Parts of GTD that work for me
- Reference material. I have digital notes sorted by two top-level categories: Active Project Notes, and Reference Material. This means I do have one place where I know I can store information, and be able to find it later. That’s any mix of link, quotes, thoughts, projects plans, etc.
- Todo lists of next actions. GTD has a good insight, and that’s that a natural todo list doesn’t get done, because it’s a mix of actionable points, outcomes, and ill-defined ideas. Having a list of next actions means that you’ve thought ahead to what you should do next for all your open projects.
- Projects as outcomes. You don’t think of projects like “Car maintenance” but specific outcomes like “Car serviced”. It forces you to think about what the finish line for the project might look like.
Parts of GTD that don’t work for me
Many of these points may well be my own failings rather than the proposed GTD system. They’re about energy and motivation. They’re affected by the many times I let myself get distracted.
- Weekly review overwhelming. I’ve avoided the weekly review. It’s a point of pain. When trying to do one, I’ve mostly failed to get to the end, lucky if I’ve reviewed all the next actions in my lists. In other words, I don’t do a weekly review.
- Lack of priorities. I could have a list of next actions for my “work” context which has fifty next actions in it. GTD advises you to pick a next action based on your time available, energy available, etc. This is too much to ask for a list of fifty items, the overhead being too big. Since it’s too much to filter the list for a suitable next action, I default to not even looking at the context list, and instead running on the default mode of “who contacted me last?”.
- Scattered focus. The projects list is recommended to bit a list of all the active outcomes you’re going after. A project is any multi-step outcome you’re after. That results in the projects list being mixed with “New site launched” and home projects like “Floor cleaned”. Large projects like “New site launched” can go on for months, and it’s not clear at what line a project spawns off as a new sub-project.
- Universalism in practice. GTD is based on the belief that really does seem to make sense: that your mind is not a good place to store structured information of projects. The logical conclusion is that everything you ever think of possibly doing should be written down. The system over-relies on moving non-active projects to the “Someday / Maybe” list, which in itself has gotten out of hand for me in the past. The result is that I couldn’t even get through this list in one sitting. The list would be a non-contextualised list of projects ideas.

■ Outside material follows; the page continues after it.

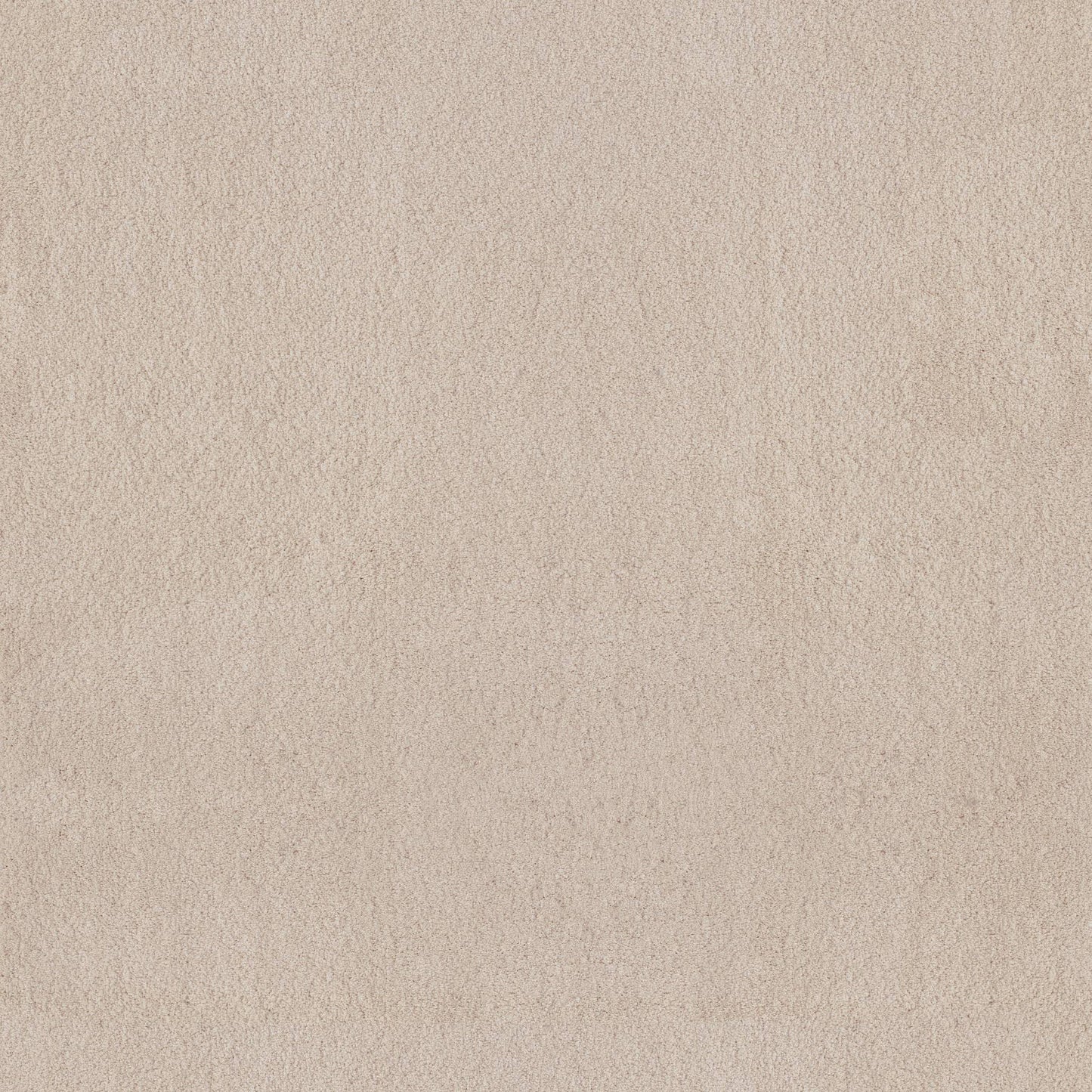 TEXTURE BCF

- Over-simplification of everything being a next action. I’ve discussed how Cal Newport pointed this out.
- Assuming you have to process every piece of information constantly. Ryan Holiday in the book Stillness Is The Key talks about managing your inputs (see Tim Ferriss’ point on that). In my day job, there are more notifications that I could ever keep on top of. If I were to respond to each one, I would never reach a state of focus to get stuff done. This points me to possibly having something like a “sitting on it” place where I’d store references to projects that I might check back on in a week’s time… Ryan Holiday’s points on delaying processing information is an interesting one, but even then his approach points to prioritising info on where it came from to try to guess how important it is.
All of this has only resulted in being a failed practitioner of GTD, and thus feeling like a failure! GTD’s over-arching beliefs such as needing to have everything written down in a certain place implies that if you’re not following its fundamental rules that you’re not doing it again and that there is no alternative.
Mini-GTD working for me, to a certain extent
At work, I have managed to have a slice of GTD that looks like this:
- In one place, I have:
- Next Actions list
- Waiting On list
- Projects list, which I can drill down into my projects reference material (using the Workflowy tool). This breaks away from the GTD system in that my projects list and projects reference material are in one place.
- And I do have project reference material (not simple next-actions) for certain coordination contexts (that is one for my own team, and one for the higher team I’m part of). It’s a place where I can use structured hierarchical information and references to build up a picture of sticking points that I need input from others. I can see how I could distill this down into a more GTD-pure system, but having this structured info in one place works for me, rather than being only grouped by project reference information and simple next-actions.
My main point is that GTD is working out for me all this time later, in helping me structure what I want to get done, but the restriction is that a universal system that covers my entire life seems at this point out of reach.